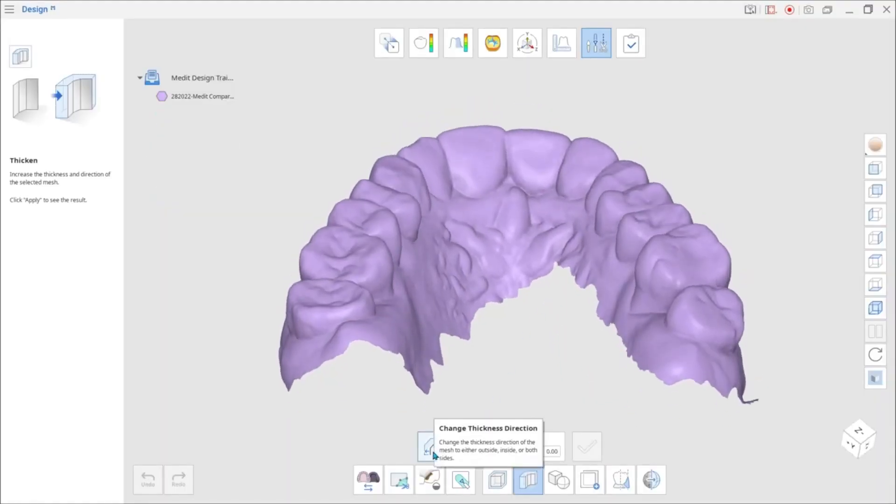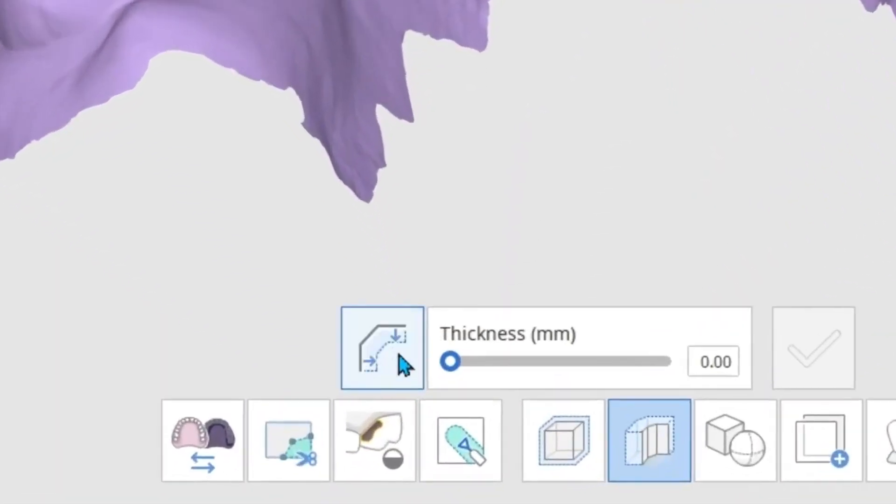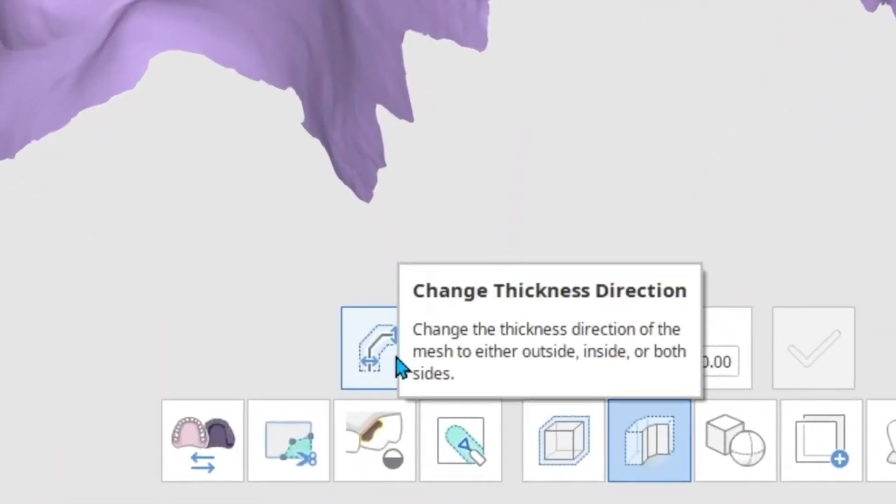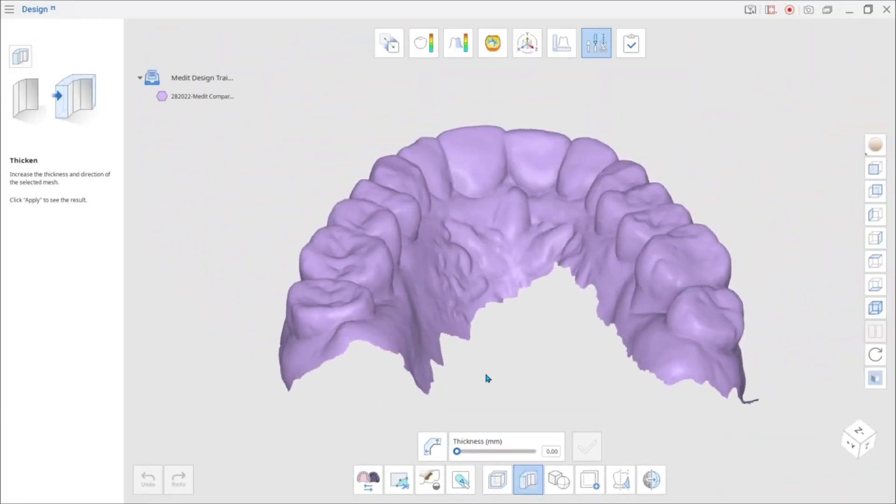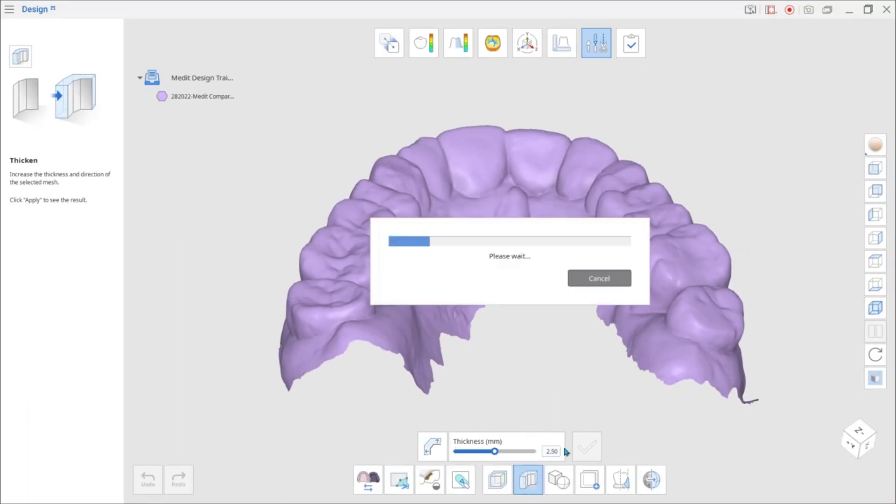Click the icon next to the slider to change the thickness direction of the mesh to either outside, inside, or both sides. Remember to click Apply to save your changes.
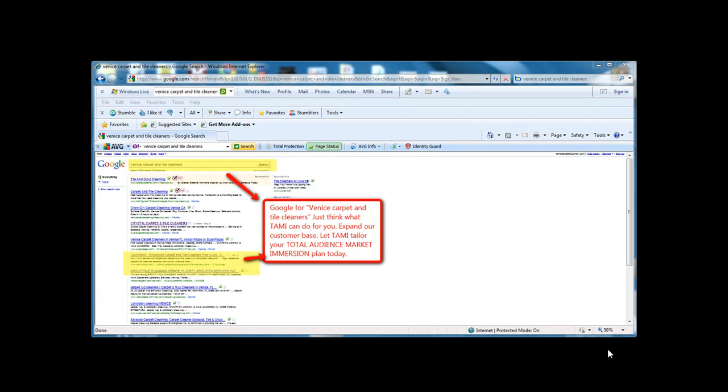Here I am under Venice Carpet and Tile Cleaners. Just think, if I can do this and I'm not even in the carpet cleaning business, just think what I can do for you.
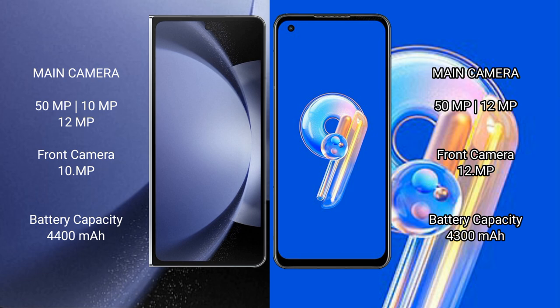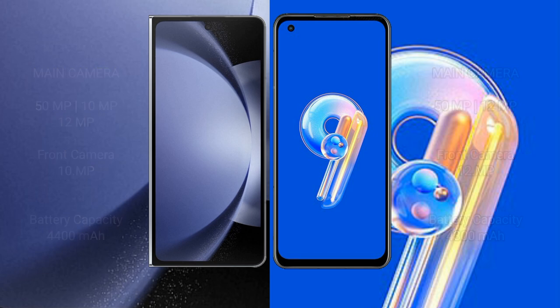The Samsung Galaxy Z Fold 6 packs a 4,400mAh battery with 45W fast charging support. The Asus Zenfone 9 features a 4,300mAh battery with 30W fast charging support.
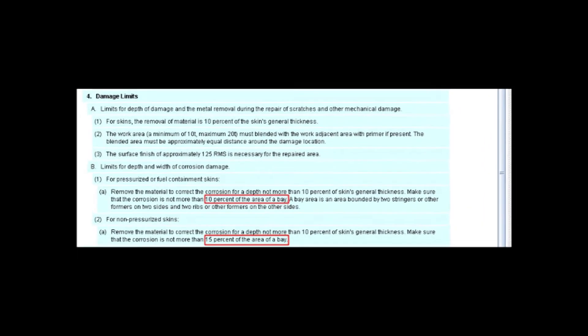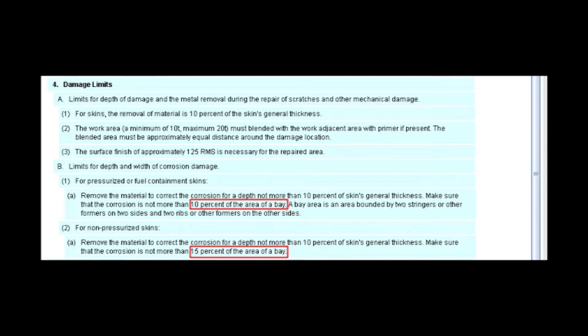As previously mentioned, please reference your Citation manual for the applicable limits. The last item worth noting here is the area percentage limitation for the bay the damage is located. These limitations in the manuals are to prevent excessive unreported blending of an entire skin panel without an engineering evaluation.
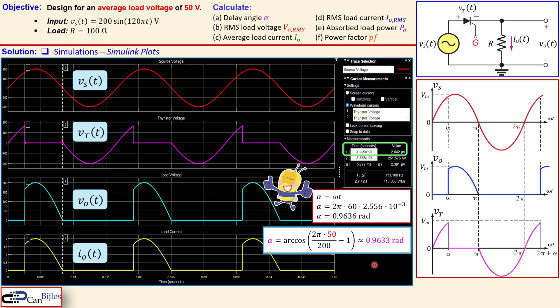In this example covering the half wave rectifier in the controlled configuration, we used a thyristor circuit to control the gate and achieve an average load voltage of 50 volts. If you have any questions or comments, please let me know and I will try to answer them as soon as possible. Don't forget to like and share these videos so we can reach more people. Thanks for your cooperation, see you next time — take care.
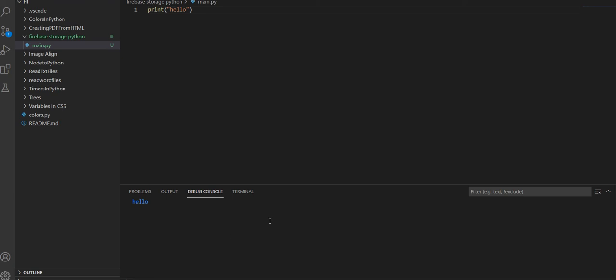Hi and welcome to a brand new video. In this video, we're going to be talking about how to incorporate Firebase Storage in Python.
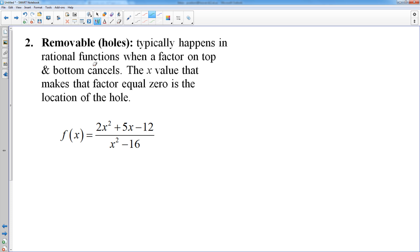Moving on to removable discontinuities, also known as holes — these also typically occur in rational functions. They can occur in piecewise functions and some other obscure functions, but usually they occur in rational functions. Just like vertical asymptotes, you want to factor and cancel.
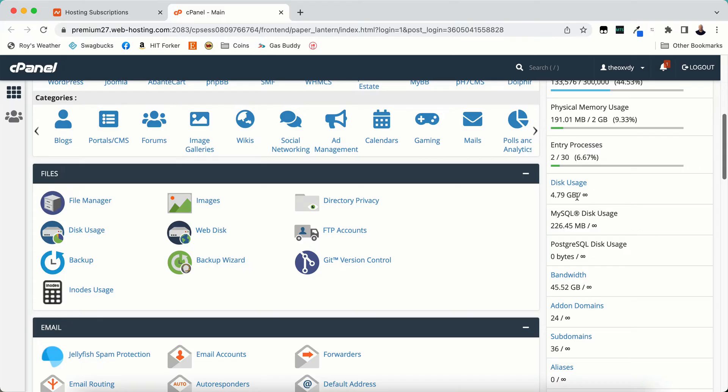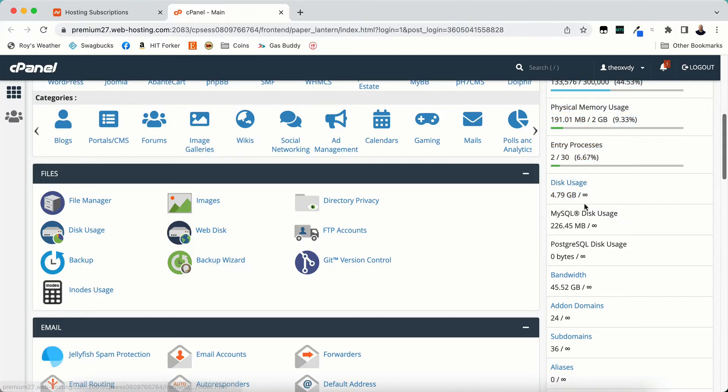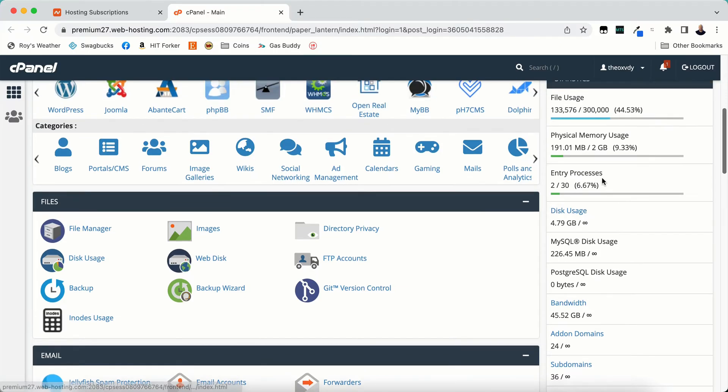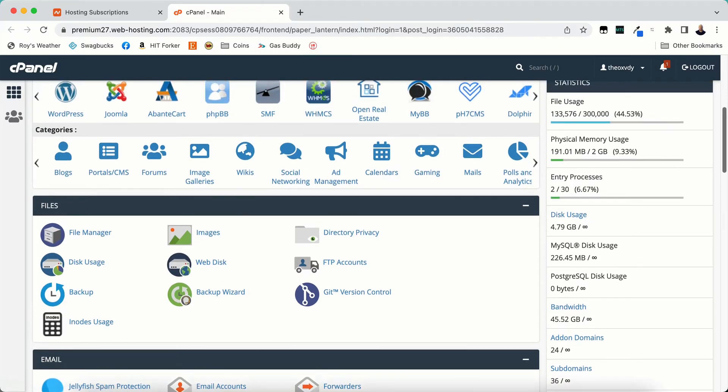Disk usage, as you can see with Namecheap shared hosting I have unlimited disk usage. You do get unlimited disk usage however you don't get unlimited file usage. So keep in mind just because it says unlimited disk usage doesn't mean you can put whatever you want on there.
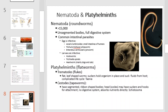This is an illustration of the nematodes and platyhelminthes. The nematodes are roundworms and come in approximately 15,000 different varieties. They have unsegmented bodies and a full digestive system, but lack most other organ systems, and are common intestinal parasites. Platyhelminthes are the flatworms and fall into two groups: the trematodes and the cestodes. The trematode has a leaf-shaped body with suckers that hold the organism in place and suck fluids from the host. The cestodes have a segmented, ribbon-shaped body; the head or scolex may also have suckers and hooks for attachment. Cestodes lack a digestive system but have a complex reproductive system and absorb nutrients directly from their host.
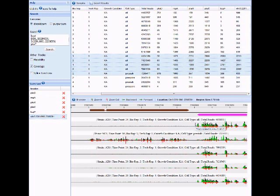For each of the tracks, you see the number of reads that map to the positive strand in green, the negative strand in red, and then the sum of the two as black.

Problem statement:
Starting with the line that has "Moving on to" and going on through the line that has "Disk usage, as", transcribe the records above exactly, but skip the pictures.

Output of the task:
Moving on to removable discontinuities, also known as holes — these also typically occur in rational functions. They can occur in piecewise functions and some other obscure functions, but usually they occur in rational functions. Just like vertical asymptotes, you want to factor and cancel.
Disk usage, as you can see with Namecheap shared hosting I have unlimited disk usage. You do get unlimited disk usage however you don't get unlimited file usage. So keep in mind just because it says unlimited disk usage doesn't mean you can put whatever you want on there.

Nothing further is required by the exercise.